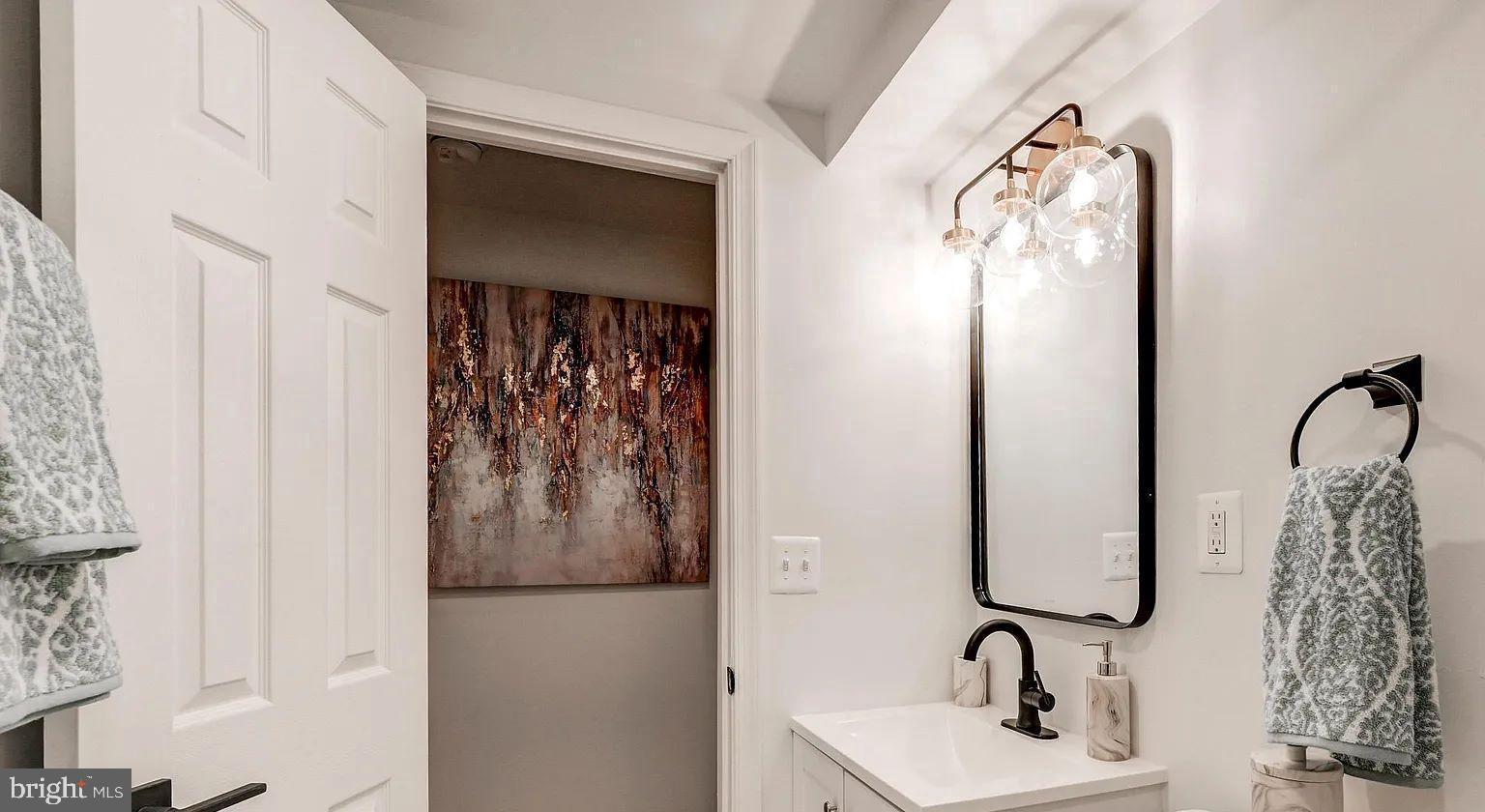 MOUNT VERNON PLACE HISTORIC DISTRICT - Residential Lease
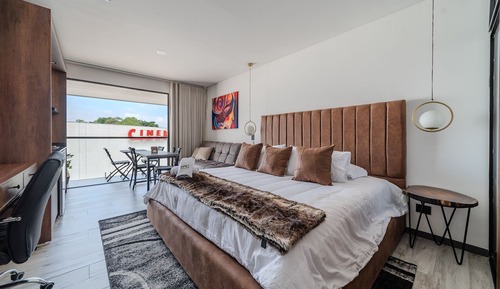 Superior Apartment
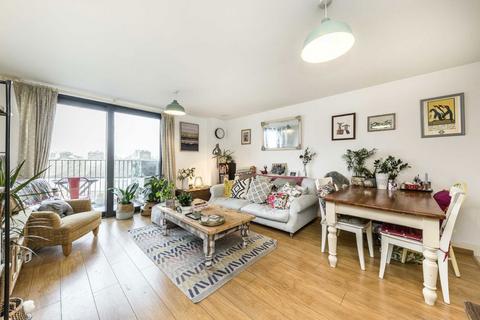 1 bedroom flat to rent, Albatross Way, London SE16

---

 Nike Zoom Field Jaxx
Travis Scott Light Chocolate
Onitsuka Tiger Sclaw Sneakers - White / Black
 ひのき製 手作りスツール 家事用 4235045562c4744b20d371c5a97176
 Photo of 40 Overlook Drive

---

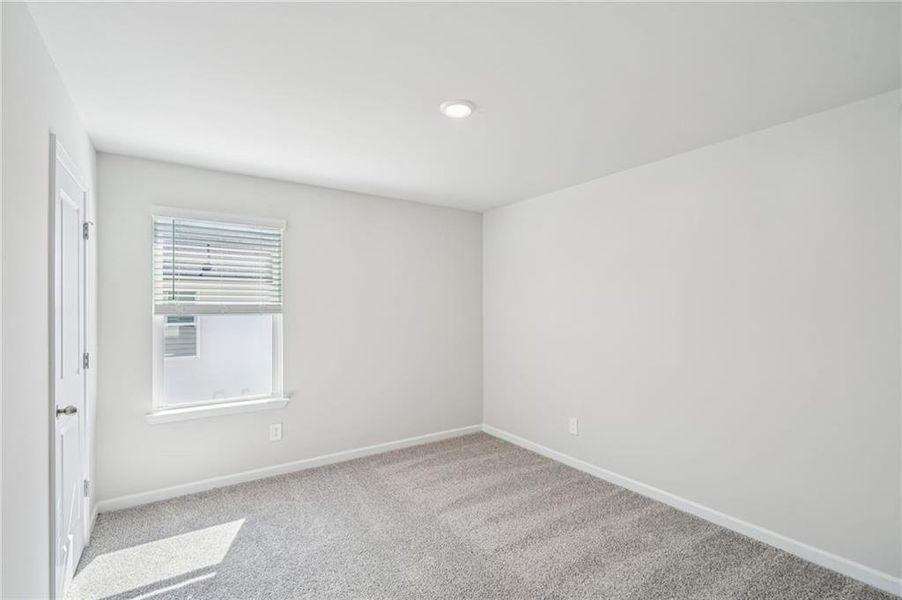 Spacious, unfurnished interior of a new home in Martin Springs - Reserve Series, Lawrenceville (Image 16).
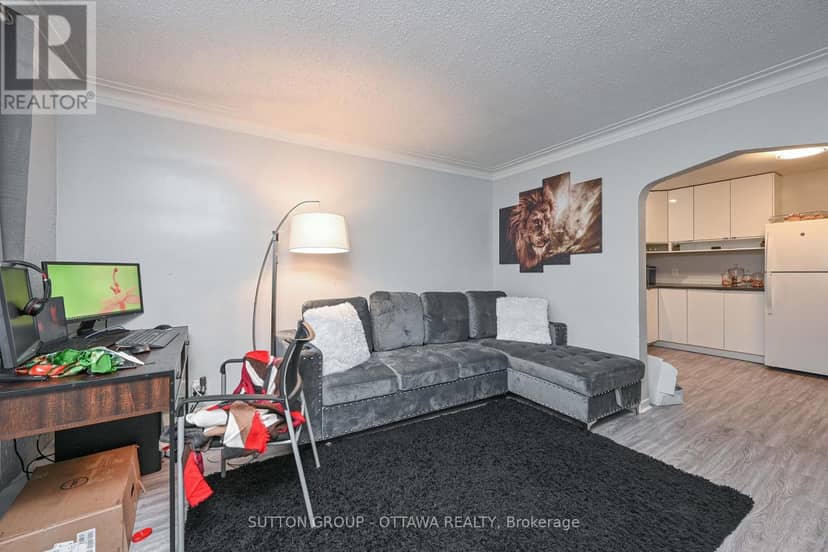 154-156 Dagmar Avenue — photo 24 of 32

Exercise directions
The data above holds the lines to copy: start at the one with "MOUNT VERNON PLACE", stop at the one with "1 bedroom flat", include both, copy them exactly without pictures, and copy nothing else.

Answer section
 MOUNT VERNON PLACE HISTORIC DISTRICT - Residential Lease
 Superior Apartment
 1 bedroom flat to rent, Albatross Way, London SE16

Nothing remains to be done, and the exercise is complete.